-- AIM OF THE EXERCISE --
Starting with the line that contains "Пила цепная электрическая" and stopping after the line that contains "Merry K11-80 3 Jaw Chuck", return each line below exactly as written, with no others.

-- MATERIAL TO PROCESS --
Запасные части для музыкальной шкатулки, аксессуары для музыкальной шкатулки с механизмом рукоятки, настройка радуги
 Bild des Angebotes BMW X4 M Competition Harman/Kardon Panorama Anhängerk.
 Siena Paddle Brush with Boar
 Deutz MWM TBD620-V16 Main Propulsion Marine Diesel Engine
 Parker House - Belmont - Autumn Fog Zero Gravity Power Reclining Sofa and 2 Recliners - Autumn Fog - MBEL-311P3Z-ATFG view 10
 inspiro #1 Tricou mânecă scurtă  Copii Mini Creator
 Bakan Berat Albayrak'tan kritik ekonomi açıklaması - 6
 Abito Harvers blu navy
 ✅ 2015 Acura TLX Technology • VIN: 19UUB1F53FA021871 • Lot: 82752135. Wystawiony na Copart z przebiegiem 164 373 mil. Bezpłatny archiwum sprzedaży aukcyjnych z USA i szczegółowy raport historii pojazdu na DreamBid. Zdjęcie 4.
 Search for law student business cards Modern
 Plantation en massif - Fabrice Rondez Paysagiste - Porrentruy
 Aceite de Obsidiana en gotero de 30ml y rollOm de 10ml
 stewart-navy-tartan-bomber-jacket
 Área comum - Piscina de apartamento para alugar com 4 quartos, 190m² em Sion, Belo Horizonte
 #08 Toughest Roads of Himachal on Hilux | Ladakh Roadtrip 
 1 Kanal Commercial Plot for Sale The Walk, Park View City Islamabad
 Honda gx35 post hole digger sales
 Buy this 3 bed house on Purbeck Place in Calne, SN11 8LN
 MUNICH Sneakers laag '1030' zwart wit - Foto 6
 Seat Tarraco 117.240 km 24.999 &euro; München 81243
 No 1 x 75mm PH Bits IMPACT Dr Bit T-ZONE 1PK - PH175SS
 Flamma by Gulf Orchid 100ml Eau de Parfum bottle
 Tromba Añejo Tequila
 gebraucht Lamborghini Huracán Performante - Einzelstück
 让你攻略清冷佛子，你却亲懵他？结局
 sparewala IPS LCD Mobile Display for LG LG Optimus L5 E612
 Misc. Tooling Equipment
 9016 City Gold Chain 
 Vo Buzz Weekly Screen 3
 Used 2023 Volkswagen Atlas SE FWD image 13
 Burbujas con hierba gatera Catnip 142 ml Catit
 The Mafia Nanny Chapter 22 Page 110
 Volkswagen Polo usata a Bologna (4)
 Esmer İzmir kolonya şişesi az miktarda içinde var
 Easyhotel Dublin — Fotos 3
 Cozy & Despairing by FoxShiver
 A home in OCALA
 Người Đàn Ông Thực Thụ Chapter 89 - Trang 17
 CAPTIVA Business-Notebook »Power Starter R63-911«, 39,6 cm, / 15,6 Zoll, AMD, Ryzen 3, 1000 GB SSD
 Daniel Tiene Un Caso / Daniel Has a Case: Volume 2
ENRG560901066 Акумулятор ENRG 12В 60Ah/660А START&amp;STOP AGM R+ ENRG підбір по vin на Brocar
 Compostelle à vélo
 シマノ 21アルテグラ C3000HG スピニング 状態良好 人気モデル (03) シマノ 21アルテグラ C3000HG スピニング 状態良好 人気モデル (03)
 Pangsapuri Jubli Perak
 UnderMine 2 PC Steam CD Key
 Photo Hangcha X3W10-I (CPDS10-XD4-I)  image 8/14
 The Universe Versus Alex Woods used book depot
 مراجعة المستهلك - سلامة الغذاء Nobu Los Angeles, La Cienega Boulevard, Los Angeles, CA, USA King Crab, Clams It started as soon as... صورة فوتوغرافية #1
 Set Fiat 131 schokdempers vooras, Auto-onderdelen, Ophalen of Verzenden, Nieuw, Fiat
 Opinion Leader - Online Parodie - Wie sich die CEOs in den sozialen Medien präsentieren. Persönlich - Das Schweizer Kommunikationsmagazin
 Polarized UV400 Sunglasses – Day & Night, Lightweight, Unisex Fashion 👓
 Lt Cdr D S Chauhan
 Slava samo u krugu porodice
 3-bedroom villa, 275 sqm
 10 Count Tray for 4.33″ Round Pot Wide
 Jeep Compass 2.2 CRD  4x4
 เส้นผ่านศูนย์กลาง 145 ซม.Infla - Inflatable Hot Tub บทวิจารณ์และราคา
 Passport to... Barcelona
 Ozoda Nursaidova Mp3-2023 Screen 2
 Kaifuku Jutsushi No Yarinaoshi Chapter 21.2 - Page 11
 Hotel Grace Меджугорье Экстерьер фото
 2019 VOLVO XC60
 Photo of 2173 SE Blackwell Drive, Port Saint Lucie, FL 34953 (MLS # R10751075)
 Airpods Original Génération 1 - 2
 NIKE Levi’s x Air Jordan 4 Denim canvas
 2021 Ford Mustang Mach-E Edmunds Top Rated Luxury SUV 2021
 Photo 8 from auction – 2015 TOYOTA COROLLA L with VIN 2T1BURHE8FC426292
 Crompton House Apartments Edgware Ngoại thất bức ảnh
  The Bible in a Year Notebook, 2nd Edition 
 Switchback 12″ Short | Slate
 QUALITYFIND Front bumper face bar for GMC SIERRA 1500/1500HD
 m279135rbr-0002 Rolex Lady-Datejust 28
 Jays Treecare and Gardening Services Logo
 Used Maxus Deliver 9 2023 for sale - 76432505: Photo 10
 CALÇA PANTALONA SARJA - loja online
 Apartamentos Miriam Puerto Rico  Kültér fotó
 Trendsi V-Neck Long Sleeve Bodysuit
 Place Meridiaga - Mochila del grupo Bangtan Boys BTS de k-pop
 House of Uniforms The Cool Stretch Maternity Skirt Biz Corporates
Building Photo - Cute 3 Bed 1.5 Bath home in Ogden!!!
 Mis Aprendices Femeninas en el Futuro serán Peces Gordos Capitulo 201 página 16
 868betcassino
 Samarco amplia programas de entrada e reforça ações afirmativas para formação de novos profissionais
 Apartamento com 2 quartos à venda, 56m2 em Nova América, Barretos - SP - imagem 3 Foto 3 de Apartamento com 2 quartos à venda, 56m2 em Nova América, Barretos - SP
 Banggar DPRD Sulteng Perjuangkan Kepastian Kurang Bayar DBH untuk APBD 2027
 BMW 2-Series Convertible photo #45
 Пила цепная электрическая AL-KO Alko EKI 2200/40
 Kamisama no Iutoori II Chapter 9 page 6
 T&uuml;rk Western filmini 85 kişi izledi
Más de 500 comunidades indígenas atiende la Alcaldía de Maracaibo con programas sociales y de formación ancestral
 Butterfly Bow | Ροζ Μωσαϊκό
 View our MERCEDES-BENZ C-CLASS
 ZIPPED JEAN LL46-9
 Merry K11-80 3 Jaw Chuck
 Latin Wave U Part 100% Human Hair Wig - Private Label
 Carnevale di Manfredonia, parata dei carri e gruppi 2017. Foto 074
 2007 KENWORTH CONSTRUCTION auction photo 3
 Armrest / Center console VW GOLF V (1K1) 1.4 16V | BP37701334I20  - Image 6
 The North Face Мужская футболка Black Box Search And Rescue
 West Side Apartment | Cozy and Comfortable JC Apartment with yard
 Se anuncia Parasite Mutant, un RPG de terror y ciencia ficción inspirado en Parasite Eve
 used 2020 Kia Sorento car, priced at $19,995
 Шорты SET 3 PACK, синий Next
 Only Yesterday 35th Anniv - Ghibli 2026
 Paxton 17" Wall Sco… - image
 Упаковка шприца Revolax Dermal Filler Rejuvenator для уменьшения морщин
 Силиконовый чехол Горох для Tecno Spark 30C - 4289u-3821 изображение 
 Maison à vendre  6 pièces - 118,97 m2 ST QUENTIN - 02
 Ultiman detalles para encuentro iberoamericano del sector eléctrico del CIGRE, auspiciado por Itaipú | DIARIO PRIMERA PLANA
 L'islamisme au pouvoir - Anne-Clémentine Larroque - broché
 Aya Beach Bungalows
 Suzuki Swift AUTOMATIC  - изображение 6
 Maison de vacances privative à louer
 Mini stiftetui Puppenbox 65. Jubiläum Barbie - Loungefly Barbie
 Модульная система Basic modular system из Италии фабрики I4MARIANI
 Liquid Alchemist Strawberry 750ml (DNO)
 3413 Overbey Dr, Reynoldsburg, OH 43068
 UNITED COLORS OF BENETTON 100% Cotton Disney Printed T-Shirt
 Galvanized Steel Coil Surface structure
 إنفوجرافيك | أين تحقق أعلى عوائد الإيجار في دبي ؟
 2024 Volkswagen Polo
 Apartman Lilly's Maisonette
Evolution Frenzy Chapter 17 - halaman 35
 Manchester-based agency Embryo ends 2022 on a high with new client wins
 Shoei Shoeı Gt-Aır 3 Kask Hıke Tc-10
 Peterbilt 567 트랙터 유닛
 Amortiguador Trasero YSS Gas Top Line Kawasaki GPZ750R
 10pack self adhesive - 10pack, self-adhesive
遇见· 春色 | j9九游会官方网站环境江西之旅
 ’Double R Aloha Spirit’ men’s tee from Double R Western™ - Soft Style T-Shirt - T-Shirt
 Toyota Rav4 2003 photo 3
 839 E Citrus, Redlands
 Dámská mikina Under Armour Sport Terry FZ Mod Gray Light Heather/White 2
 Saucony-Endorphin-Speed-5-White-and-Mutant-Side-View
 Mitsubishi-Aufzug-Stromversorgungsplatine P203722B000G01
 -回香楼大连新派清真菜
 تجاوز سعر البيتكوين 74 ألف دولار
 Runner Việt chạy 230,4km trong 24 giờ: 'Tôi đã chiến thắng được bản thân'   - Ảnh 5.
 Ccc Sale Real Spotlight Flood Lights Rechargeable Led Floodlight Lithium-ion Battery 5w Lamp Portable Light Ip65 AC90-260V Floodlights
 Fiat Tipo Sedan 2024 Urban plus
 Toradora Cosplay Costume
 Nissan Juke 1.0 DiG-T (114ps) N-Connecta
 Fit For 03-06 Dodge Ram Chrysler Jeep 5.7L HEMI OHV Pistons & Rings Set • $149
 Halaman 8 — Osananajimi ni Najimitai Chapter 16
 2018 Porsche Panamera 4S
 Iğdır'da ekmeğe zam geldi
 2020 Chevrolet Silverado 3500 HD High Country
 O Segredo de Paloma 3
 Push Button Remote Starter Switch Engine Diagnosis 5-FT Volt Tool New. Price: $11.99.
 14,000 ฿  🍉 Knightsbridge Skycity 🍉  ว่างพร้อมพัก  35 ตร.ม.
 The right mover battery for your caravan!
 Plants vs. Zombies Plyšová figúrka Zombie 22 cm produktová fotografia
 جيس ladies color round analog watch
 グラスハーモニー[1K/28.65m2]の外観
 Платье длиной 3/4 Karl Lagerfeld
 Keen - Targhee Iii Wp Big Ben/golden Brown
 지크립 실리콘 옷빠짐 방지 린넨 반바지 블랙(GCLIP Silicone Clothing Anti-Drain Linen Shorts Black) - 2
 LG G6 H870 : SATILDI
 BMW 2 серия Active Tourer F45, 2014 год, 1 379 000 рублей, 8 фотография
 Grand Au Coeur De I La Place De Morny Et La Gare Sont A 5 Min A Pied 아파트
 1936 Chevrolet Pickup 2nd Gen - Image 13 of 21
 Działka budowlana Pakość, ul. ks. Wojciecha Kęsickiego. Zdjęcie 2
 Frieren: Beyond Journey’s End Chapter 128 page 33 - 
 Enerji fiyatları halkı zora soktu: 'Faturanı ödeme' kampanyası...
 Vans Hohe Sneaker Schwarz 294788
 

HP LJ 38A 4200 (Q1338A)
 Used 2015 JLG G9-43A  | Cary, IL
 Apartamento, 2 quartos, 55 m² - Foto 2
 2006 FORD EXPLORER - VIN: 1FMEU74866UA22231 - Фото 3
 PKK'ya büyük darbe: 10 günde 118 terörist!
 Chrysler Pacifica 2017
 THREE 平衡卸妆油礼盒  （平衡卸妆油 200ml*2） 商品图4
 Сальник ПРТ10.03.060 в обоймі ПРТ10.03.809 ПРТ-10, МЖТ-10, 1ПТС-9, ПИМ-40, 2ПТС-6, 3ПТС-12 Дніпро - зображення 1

-- SOLUTION TO THE PROBLEM --
 Пила цепная электрическая AL-KO Alko EKI 2200/40
 Kamisama no Iutoori II Chapter 9 page 6
 T&uuml;rk Western filmini 85 kişi izledi
Más de 500 comunidades indígenas atiende la Alcaldía de Maracaibo con programas sociales y de formación ancestral
 Butterfly Bow | Ροζ Μωσαϊκό
 View our MERCEDES-BENZ C-CLASS
 ZIPPED JEAN LL46-9
 Merry K11-80 3 Jaw Chuck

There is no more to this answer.